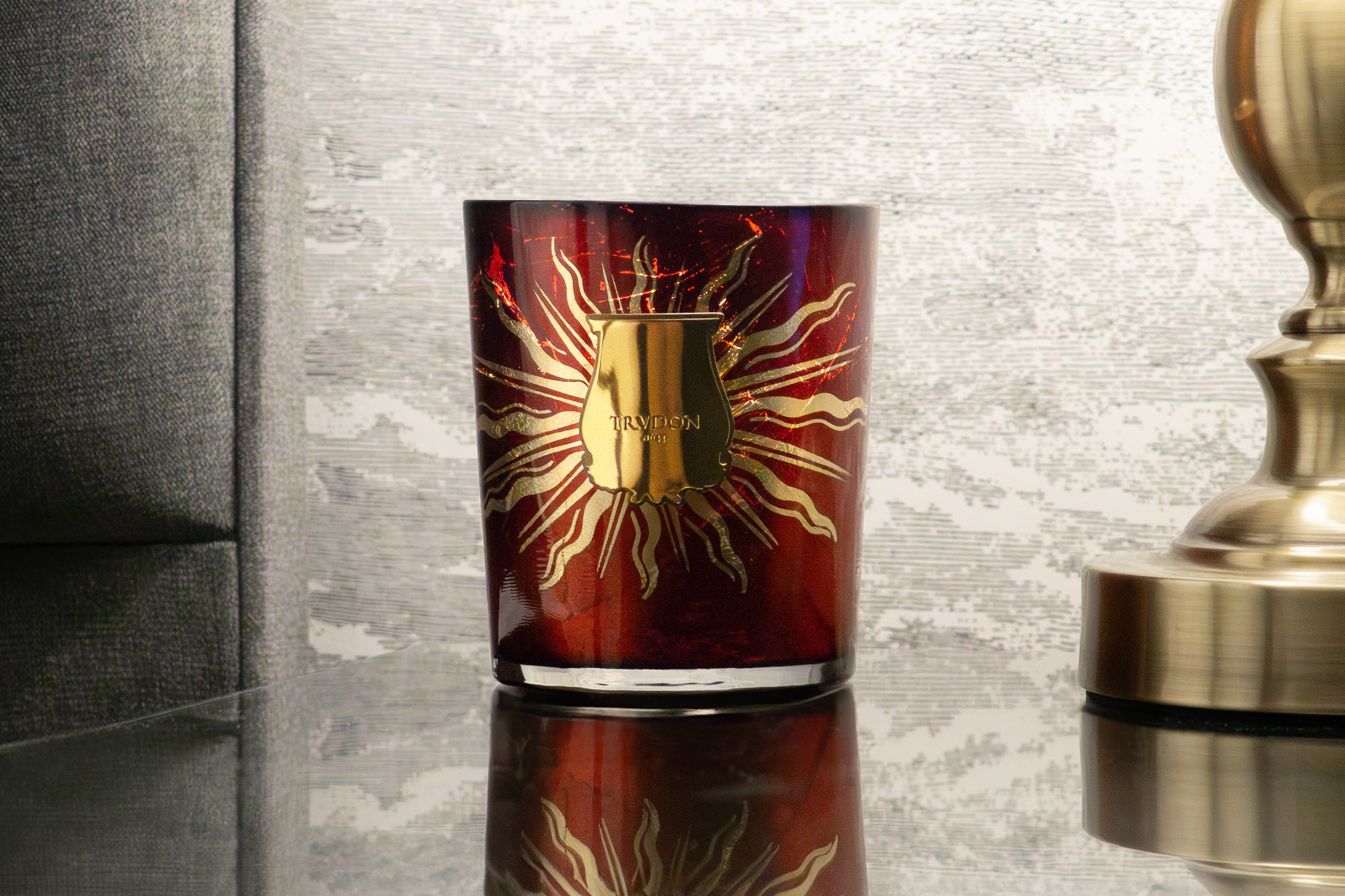 Cire-Trudon-Gloria-Candle-2.jpg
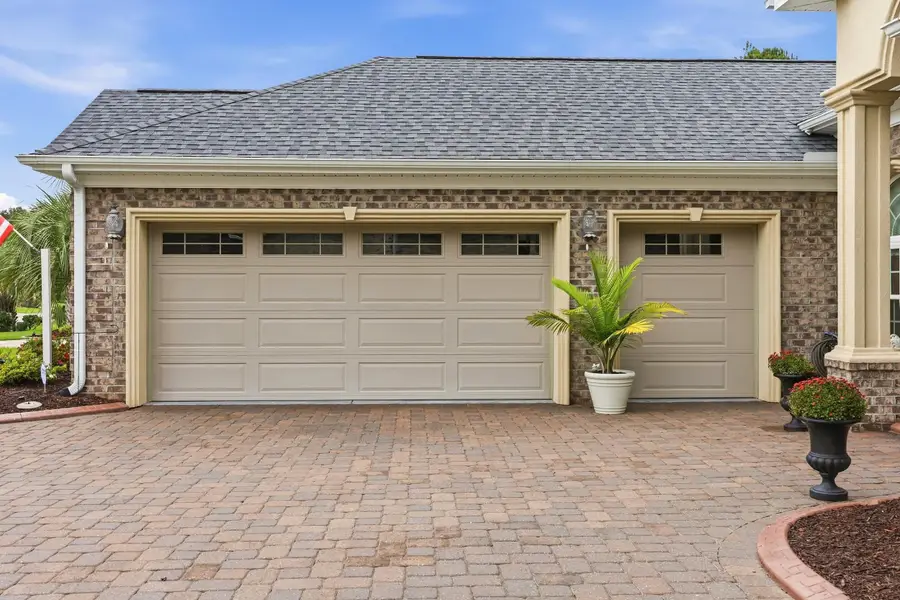 201 Waterfall Circle, Little River, SC 29566 - #2
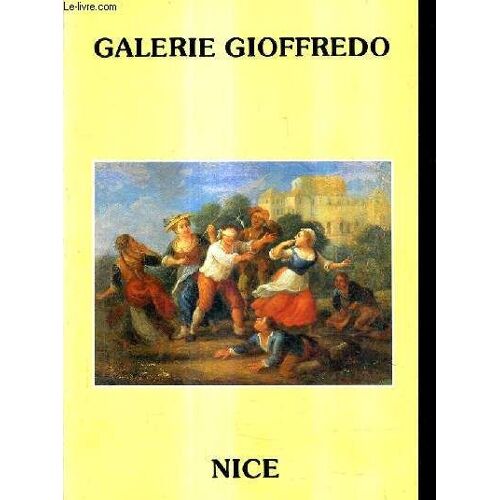 Catalogue De Ventes Aux Encheres - Bibelots Pieces De Fouilles Pre Colombiennes Livres Papillons Objets De Collections Etc - 24 25 Et 26 Octobre  - Hotel Des Ventes Gioffredo.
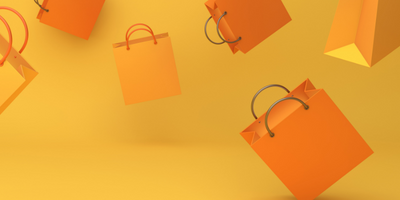 3 Reasons To Use A Professional Mystery Shopping Provider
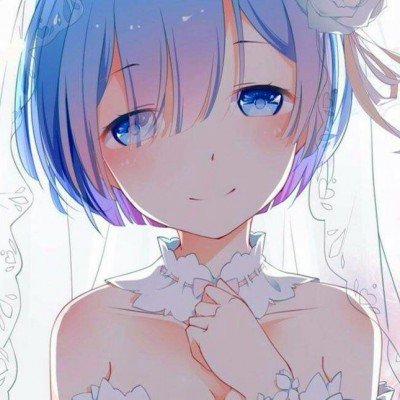 浪姐7全开麦直播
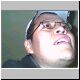 img044.jpg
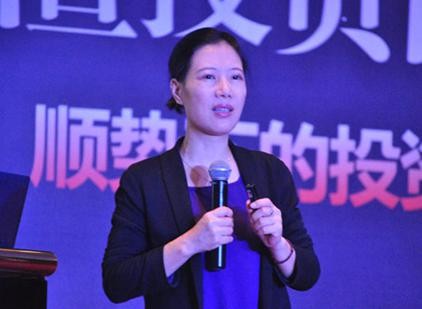叶檀：中国外汇储备实际还在可控范围之内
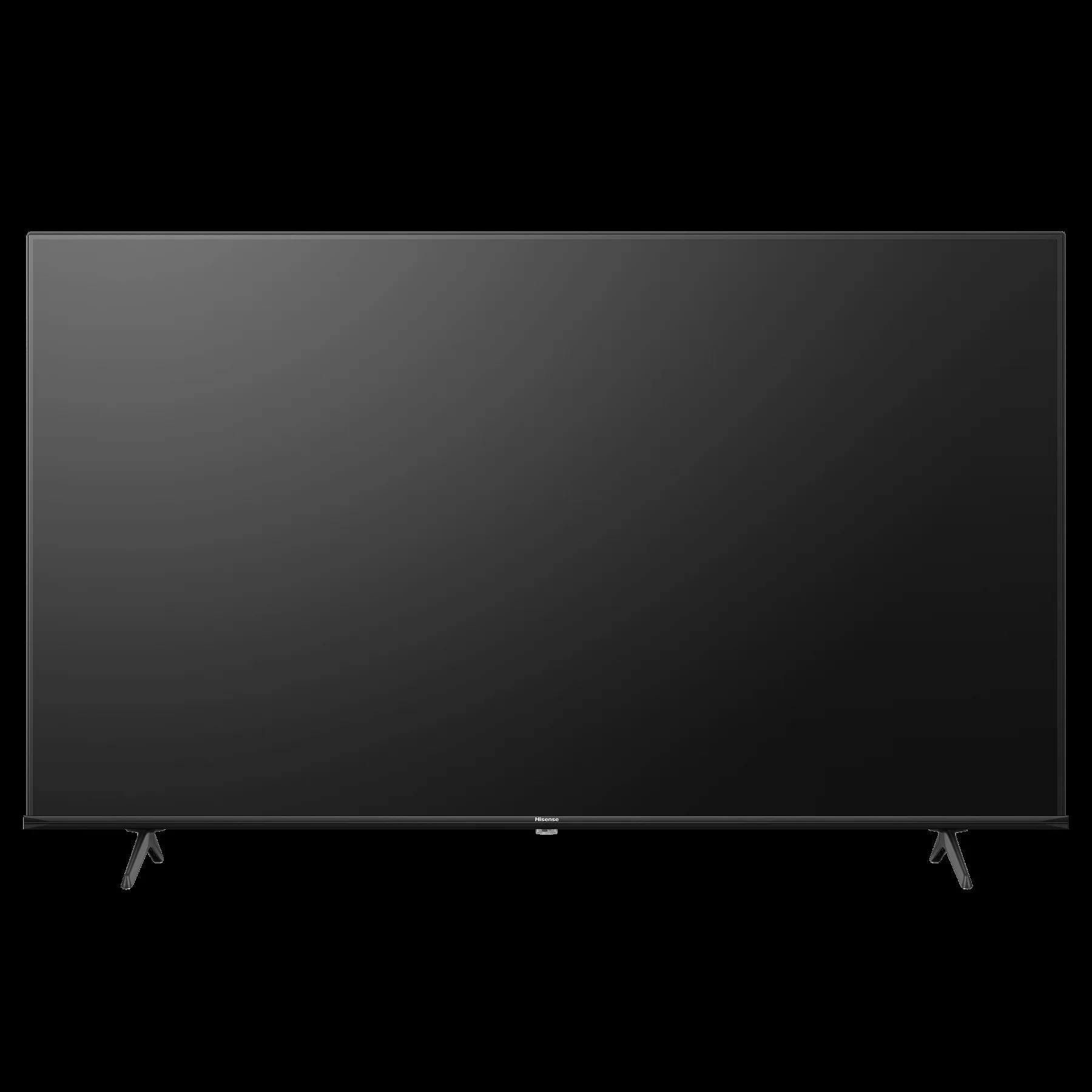 Телевизор QLED Hisense 75" 75E7S черный 4K Ultra HD 60Hz MEMC DVB-T DVB-T2 DVB-C DVB-S DVB-S2 USB WiFi Smart TV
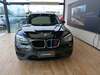 X1 2.0 16V TURBO ACTIVEFLEX XDRIVE28I SPORT 4P AUT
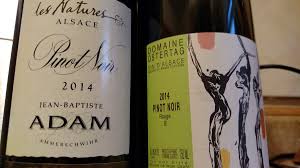 Nv katnook founders block coonwarra, sa. Terroirist A Daily Wine Blog Wine Reviews Pinot Noir Grab Bag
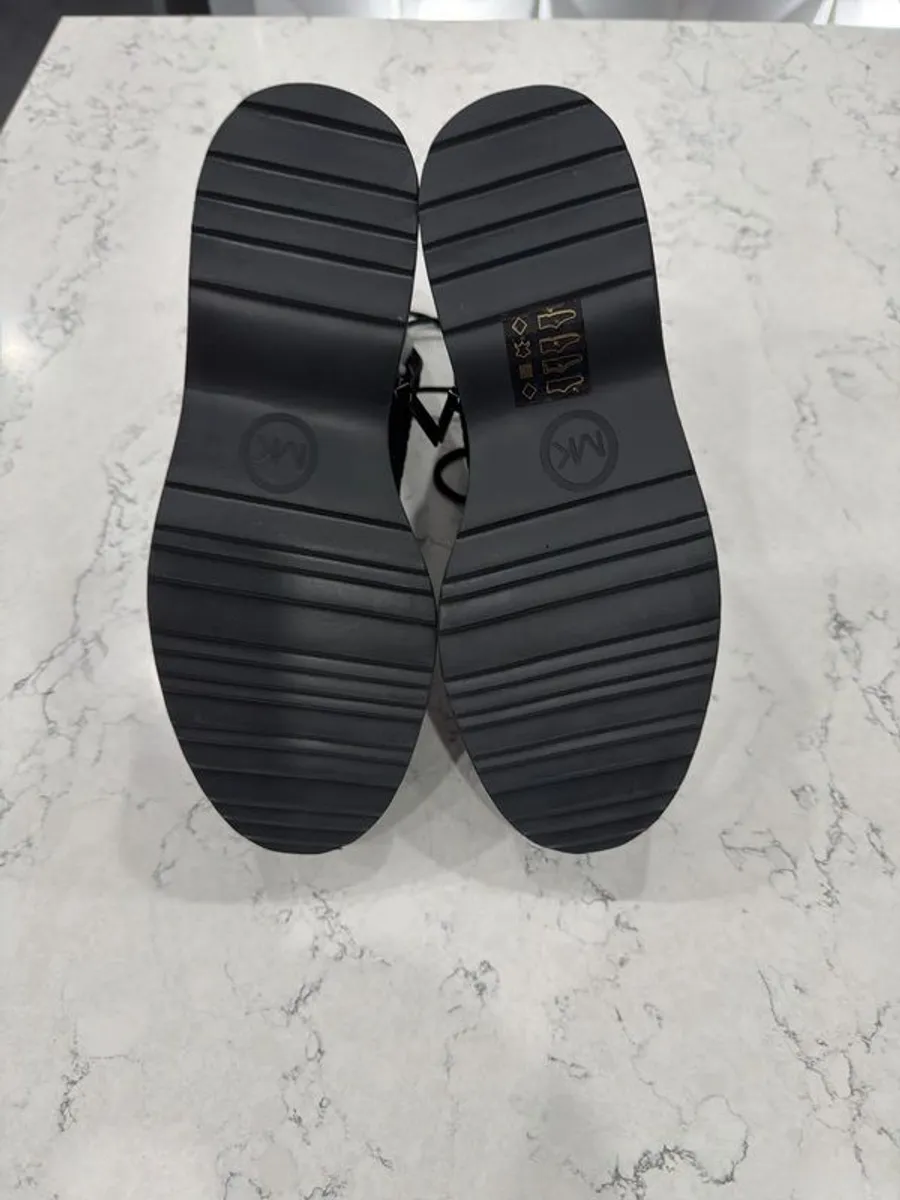 Michael Kors Ankle boots - Image 3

- _TRY IT_:
Transcribe exactly the span of lines that opens with the line holding "Nv katnook founders" and closes with the last line of the entries above. Omit pictures.

- _TASK ANSWER_:
 Nv katnook founders block coonwarra, sa. Terroirist A Daily Wine Blog Wine Reviews Pinot Noir Grab Bag
 Michael Kors Ankle boots - Image 3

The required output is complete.